Yanomami leader Davi Kopenawa at the United Nations Human Rights Council meeting in Geneva on 3 March, 2020. Image courtesy of the Arns Commission.

Uncontacted peoples under assault

Incursions against the Moxihatetea escalated in 2017 when the Brazilian government’s indigenous agency, FUNAI, alleging a budget shortfall, shut down its guard post which helped protect the uncontacted tribe from illegal miners and other invaders. Responding to protests, FUNAI has promised to reopen the post later this year. But for the time being, the Moxihatetea remain exposed to incursions.

A side event held at the UN meeting on 3 March, focused solely on the plight of Brazil’s isolated indigenous groups — defined as Indians not in contact with, or having very infrequent contact with, modern society. Brazil has more groups of isolated Indians than any other Latin American nation: authorities have confirmed reports of signs for 115 such groups. Of these, the existence of 29 groups has been confirmed; 86 are being investigated.

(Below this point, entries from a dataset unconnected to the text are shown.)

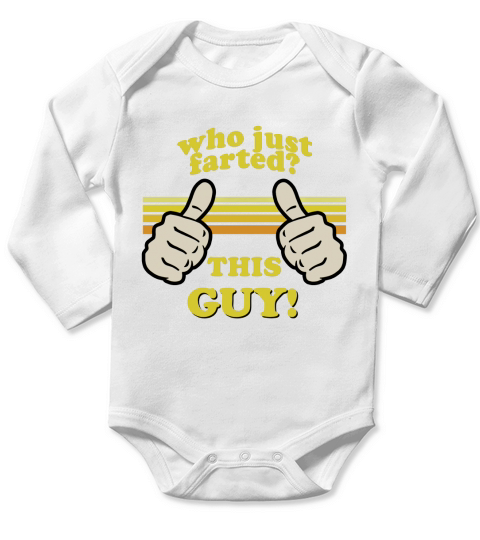 Who Farted This Guy! T-Shirt Long Sleeve Baby One-Piece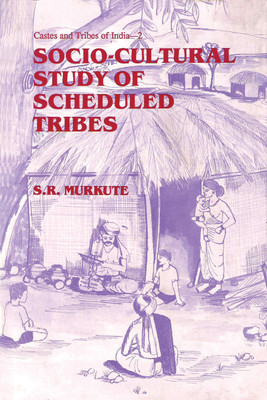 Socio-Cultural Study of Scheduled Tribes- the Pradhans of Maharashtra (Castes and Tribes of India No. 2)(English, Hardcover, Murkute S.R.)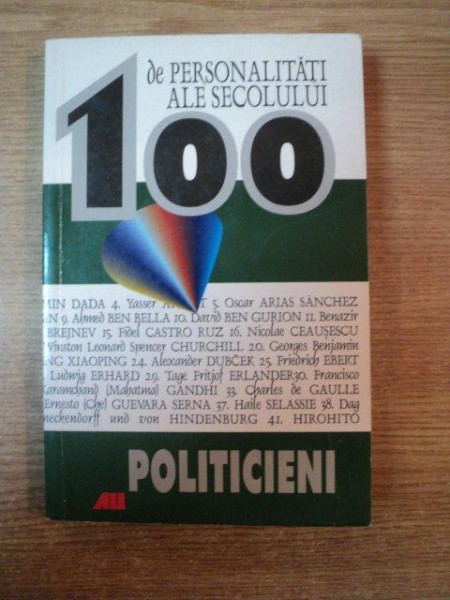 100 DE PERSONALITATI ALE SECOLULUI. POLITICIENI de BERND JORDAN, ALEXANDER LENZ  2000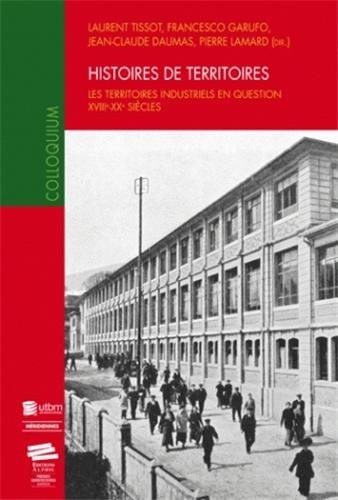 Histoires de territoires. Les territoires industriels en question, XVIIIe - XXe siècles
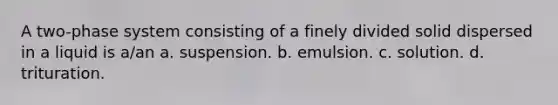 A two-phase system consisting of a finely divided solid dispersed in a liquid is a/an a. suspension. b. emulsion. c. solution. d. trituration.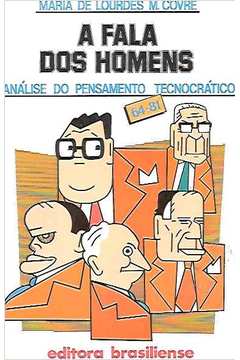 A Fala Dos Homens - Analise Do Pensamento Tecnocratico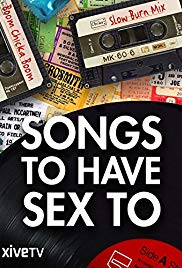 Watch Free Songs to Have Sex To (2015)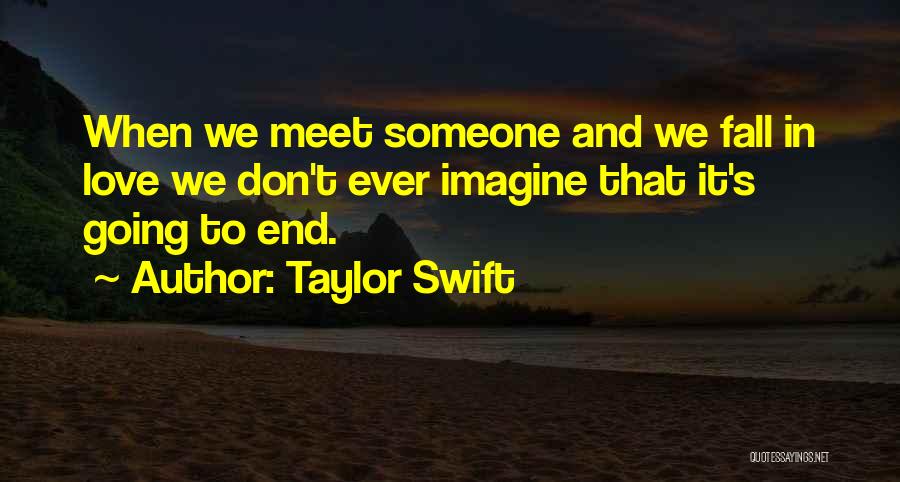Taylor Swift Quotes: When We Meet Someone And We Fall In Love We Don't Ever Imagine That It's Going To End.
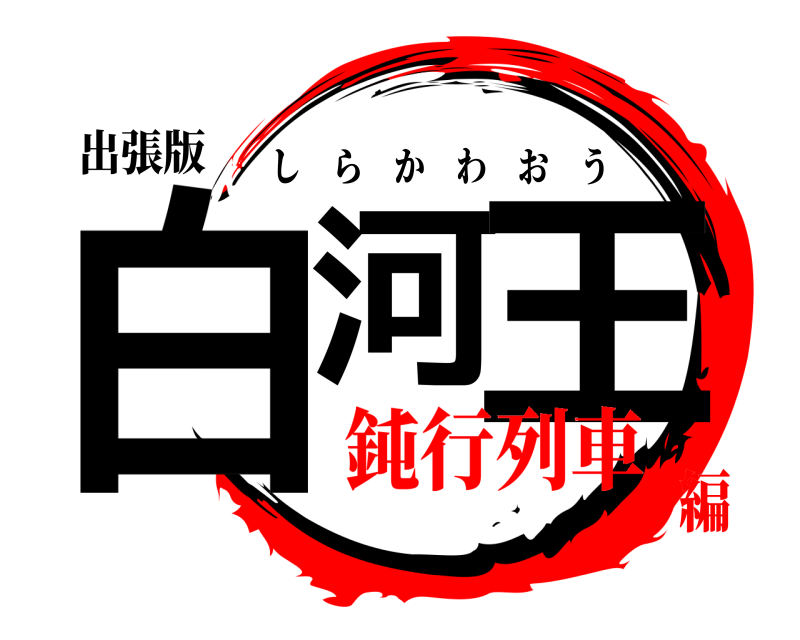 出張版 白河 王 しらかわおう 鈍行列車編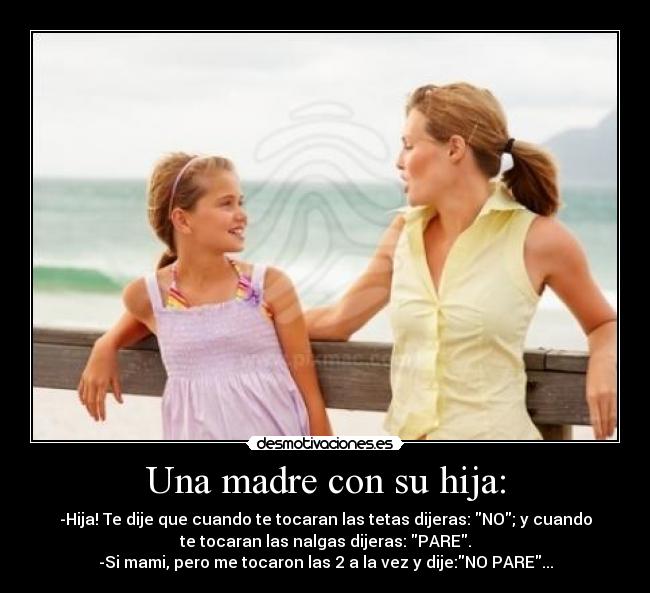 UNA MADRE Y SU HIJA una madre y su hija: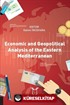 Economic and Geopolitical Analysis of the Eastern Mediterranean
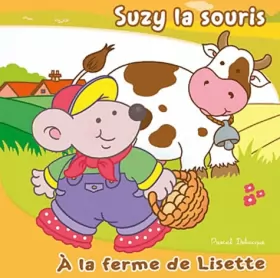 Couverture du produit · Suzy la souris : A la ferme de Lisette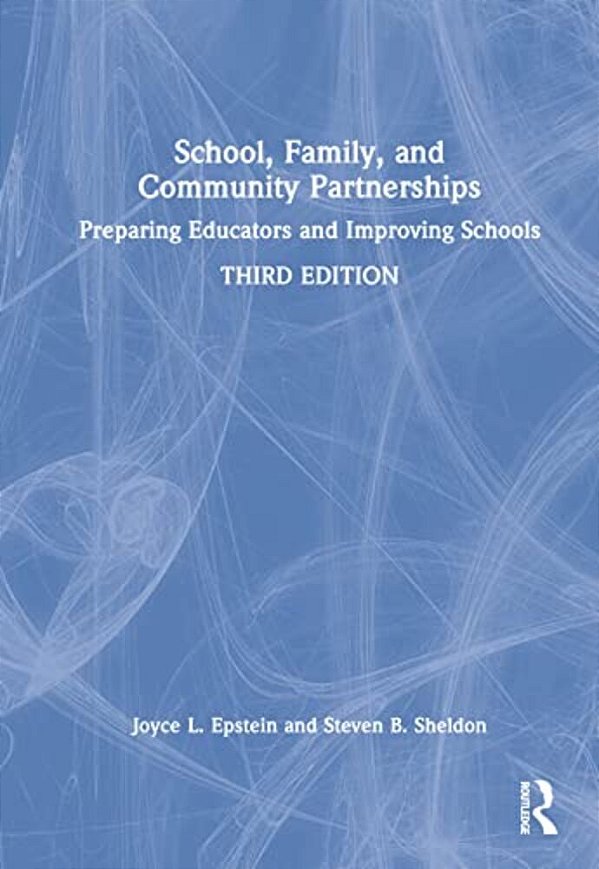School, Family, And Community Partnerships: Preparing Educators And Improving Schools-..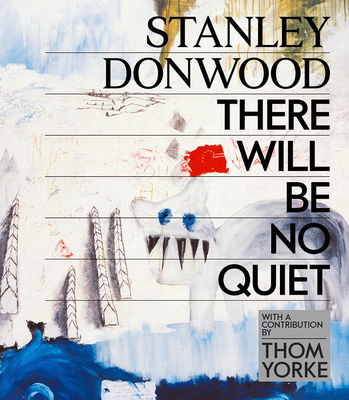 Stanley Donwood: There Will Be No Quiet: The Ar... 1419737244 Book Cover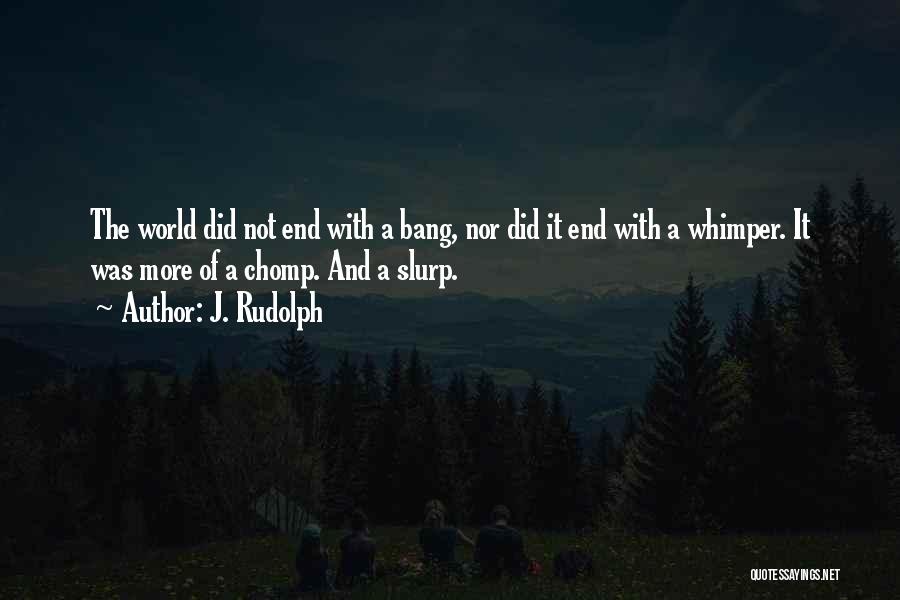 J. Rudolph Quotes: The World Did Not End With A Bang, Nor Did It End With A Whimper. It Was More Of A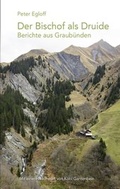 Cover: Der Bischof als Druide - B&uuml;ndner Monatsblatt Verlag Desertina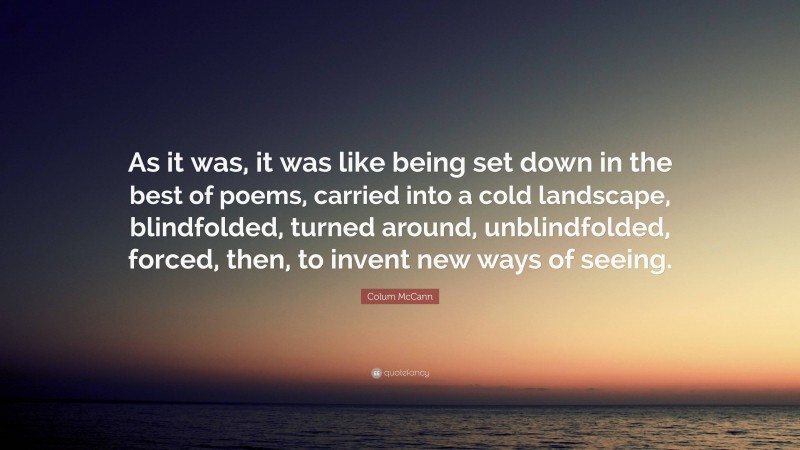 Colum McCann Quote: “As it was, it was like being set down in the best of poems, carried into a cold landscape, blindfolded, turned around, unblindfolded, forced, then, to invent new ways of seeing.”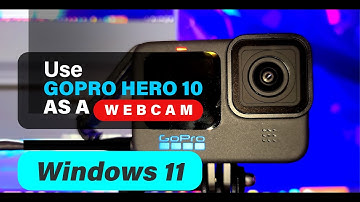 Use Your GoPro Hero 10 as a Webcam for Windows 11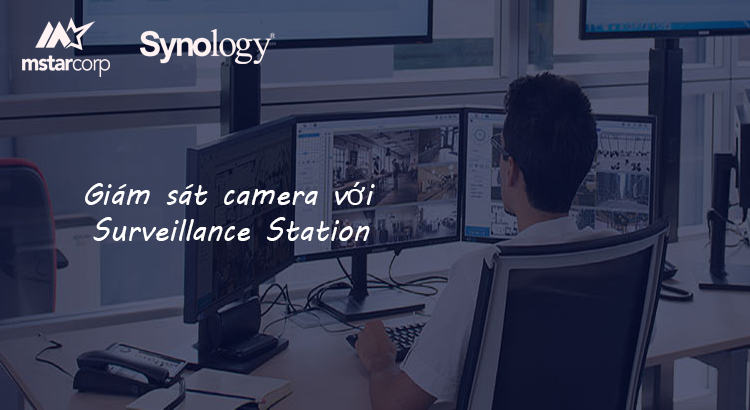 Surveillance-Station-Synology-Synologyvietnam.vn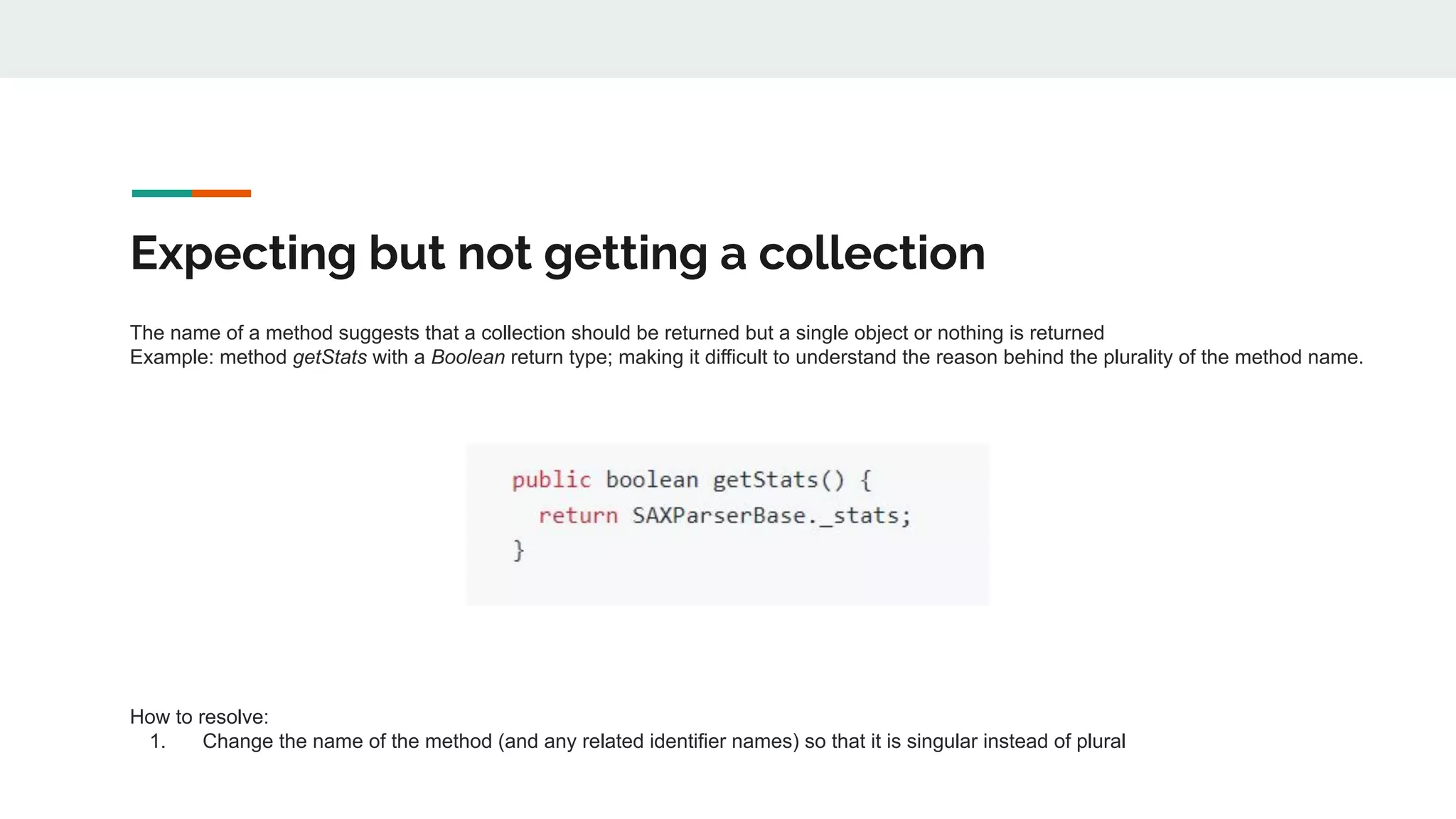 Expecting but not getting a collection
The name of a method suggests that a collection should be returned but a single object or nothing is returned
Example: method getStats with a Boolean return type; making it difficult to understand the reason behind the plurality of the method name.
How to resolve:
1. Change the name of the method (and any related identifier names) so that it is singular instead of plural
 
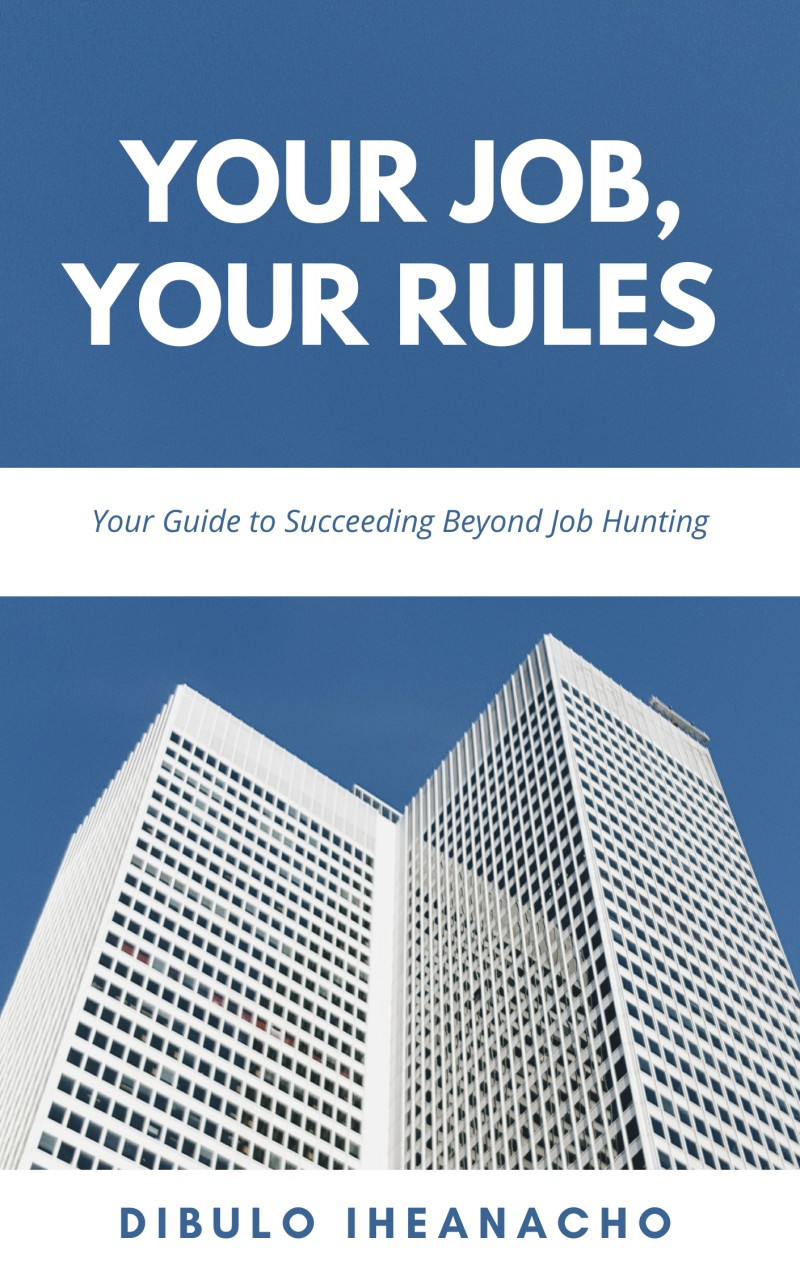 YOUR JOB, YOUR RULES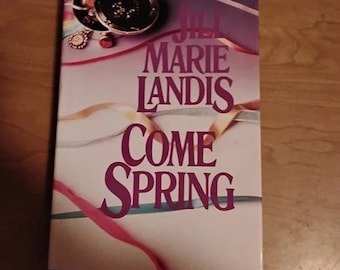 Come Spring, by Jill Marie Landis, Storm Family Trilogy Book 3, Vintage Hardcover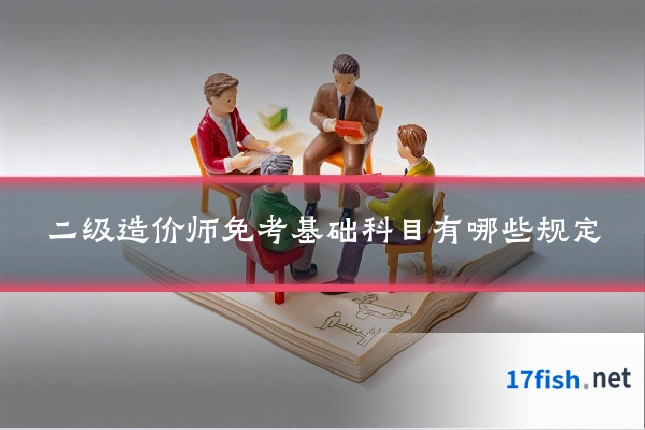 二级造价师免考基础科目有哪些规定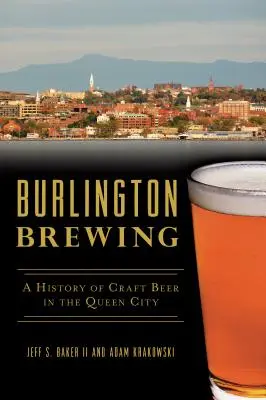 Pivovarníctvo v Burtone: História remeselného piva v kráľovskom meste - Burlington Brewing: A History of Craft Beer in the Queen City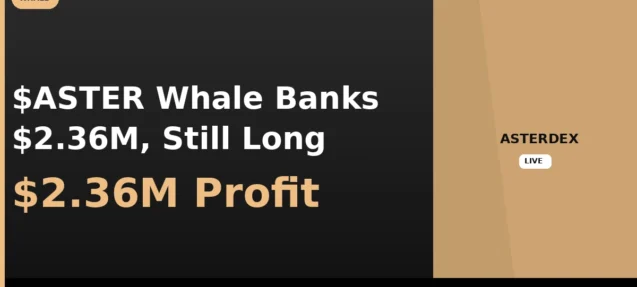 $ASTER Whale Locks In $2.36M Profit, Holds $2.27M Long Position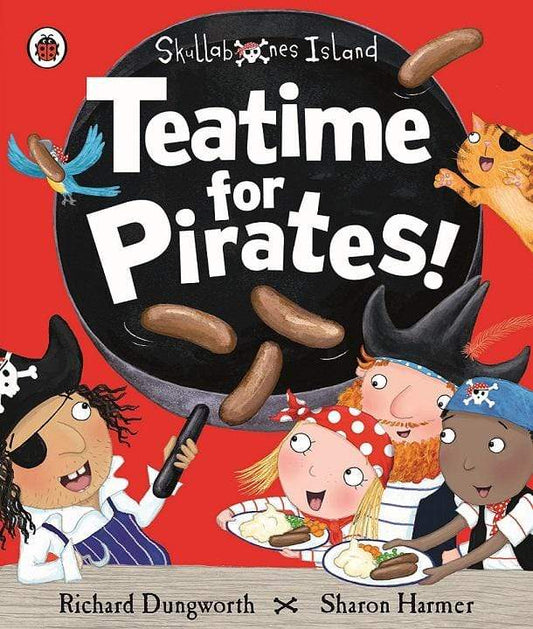 Teatime For Pirates!: A Ladybird Skullabones Island Picture Book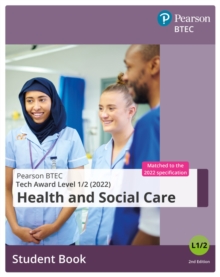 BTEC Tech Award 2022 health and social care: Student book - 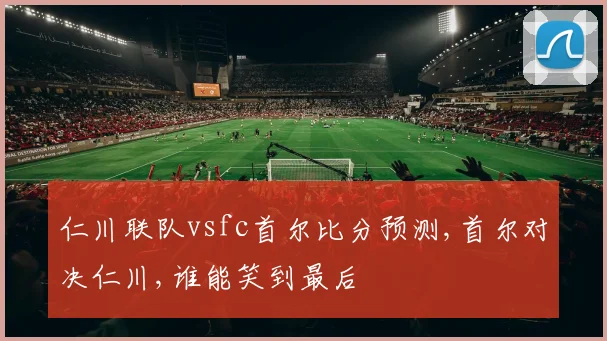 仁川联队vsfc首尔比分预测,首尔对决仁川,谁能笑到最后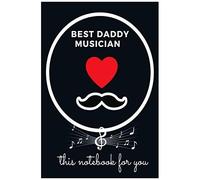 Best Daddy Musician: A Notebook For You: Notebook For Musicians: A Gift For Daddy Who Plays Music, Best Daddy Musician, An Original Present For Christmas, Fathers Day Or Birthday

Antônio Oviedo, a representative from Socioenvironmental Institute (ISA), a Brazilian NGO, who spoke at the side event, explained that FUNAI decided 33 years ago that it was best for these groups if the authorities continued to accept their desire to remain isolated — a policy widely considered as very successful.

But, now under President Jair Bolsonaro, FUNAI is abruptly changing this policy, without consulting indigenous peoples. This about-face was underlined by the recent appointment of Ricardo Lopes Dias, an evangelical missionary, to head FUNAI’s uncontacted Indians unit.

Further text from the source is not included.